◆ What you will do
Your answer should be the complete set of entries, transcribed exactly.

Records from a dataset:
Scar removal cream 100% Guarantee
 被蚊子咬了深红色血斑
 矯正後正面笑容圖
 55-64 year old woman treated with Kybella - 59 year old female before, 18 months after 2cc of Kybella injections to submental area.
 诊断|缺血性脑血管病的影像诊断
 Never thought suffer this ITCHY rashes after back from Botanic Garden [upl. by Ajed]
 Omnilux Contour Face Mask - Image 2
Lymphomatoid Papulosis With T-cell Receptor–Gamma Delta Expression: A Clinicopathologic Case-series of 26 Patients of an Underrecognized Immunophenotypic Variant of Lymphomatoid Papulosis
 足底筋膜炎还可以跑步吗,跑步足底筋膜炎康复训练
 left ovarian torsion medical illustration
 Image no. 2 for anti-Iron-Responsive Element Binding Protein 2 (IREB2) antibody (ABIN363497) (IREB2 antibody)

◆ Answer to this task
Scar removal cream 100% Guarantee
 被蚊子咬了深红色血斑
 矯正後正面笑容圖
 55-64 year old woman treated with Kybella - 59 year old female before, 18 months after 2cc of Kybella injections to submental area.
 诊断|缺血性脑血管病的影像诊断
 Never thought suffer this ITCHY rashes after back from Botanic Garden [upl. by Ajed]
 Omnilux Contour Face Mask - Image 2
Lymphomatoid Papulosis With T-cell Receptor–Gamma Delta Expression: A Clinicopathologic Case-series of 26 Patients of an Underrecognized Immunophenotypic Variant of Lymphomatoid Papulosis
 足底筋膜炎还可以跑步吗,跑步足底筋膜炎康复训练
 left ovarian torsion medical illustration
 Image no. 2 for anti-Iron-Responsive Element Binding Protein 2 (IREB2) antibody (ABIN363497) (IREB2 antibody)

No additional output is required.